Task requirements |
Give again the lines from the line with "Candy DiVino CCVB" to the last line of the records, exactly and in full. Do not carry over any pictures.

--- START ---

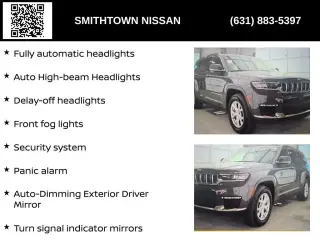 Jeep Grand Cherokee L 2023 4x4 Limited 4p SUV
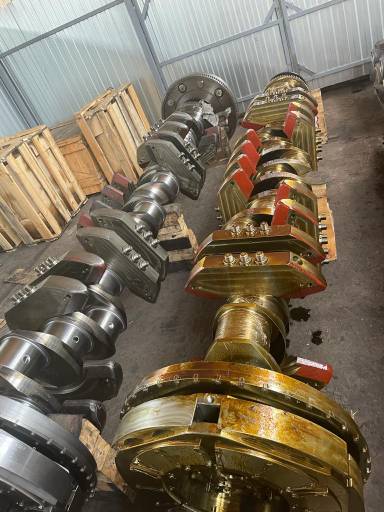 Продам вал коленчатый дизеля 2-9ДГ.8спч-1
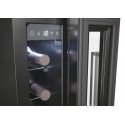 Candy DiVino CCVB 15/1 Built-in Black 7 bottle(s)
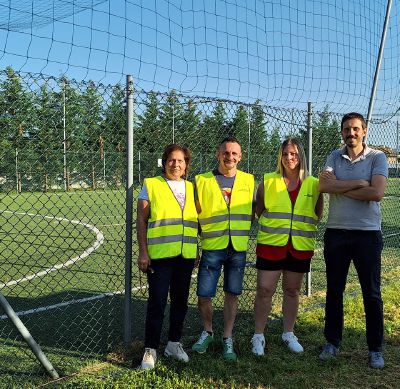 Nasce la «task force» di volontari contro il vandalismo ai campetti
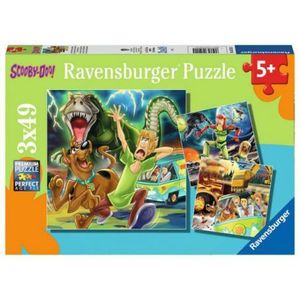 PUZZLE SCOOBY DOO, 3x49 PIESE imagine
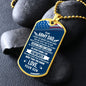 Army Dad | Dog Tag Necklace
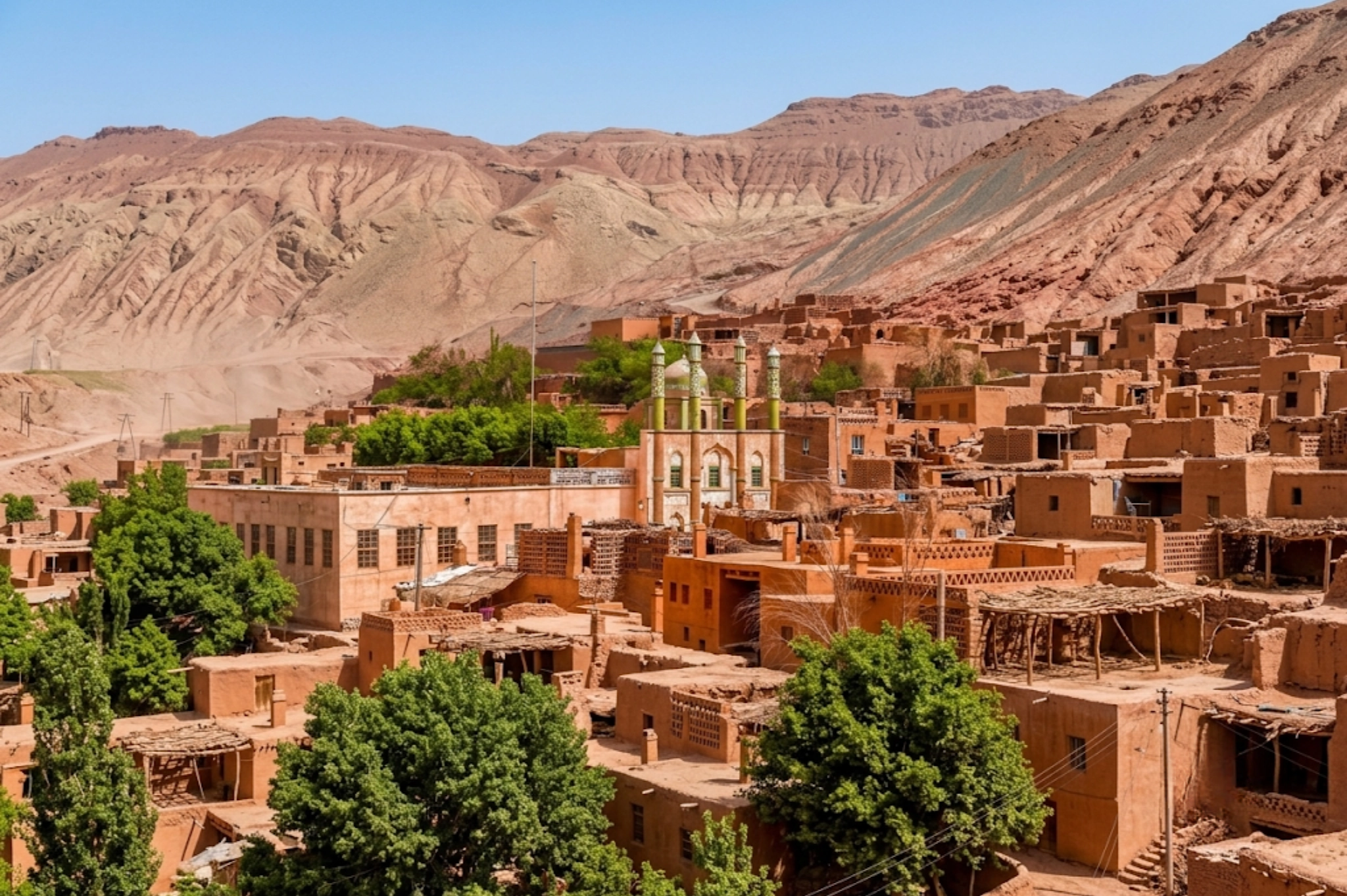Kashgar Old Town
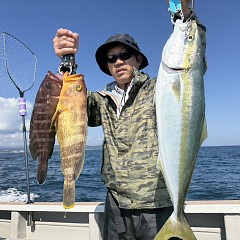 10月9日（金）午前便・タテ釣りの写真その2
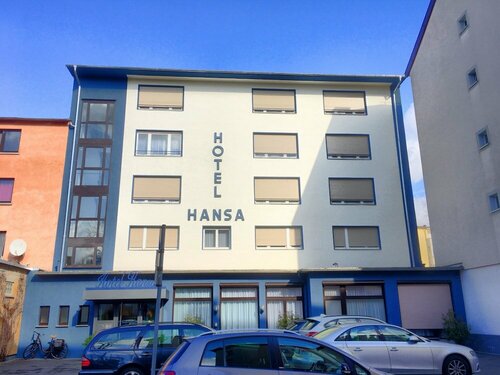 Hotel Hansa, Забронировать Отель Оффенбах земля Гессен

--- END ---

Answer to the exercise |
 Candy DiVino CCVB 15/1 Built-in Black 7 bottle(s)
 Nasce la «task force» di volontari contro il vandalismo ai campetti
 PUZZLE SCOOBY DOO, 3x49 PIESE imagine
 Army Dad | Dog Tag Necklace
Kashgar Old Town
 10月9日（金）午前便・タテ釣りの写真その2
 Hotel Hansa, Забронировать Отель Оффенбах земля Гессен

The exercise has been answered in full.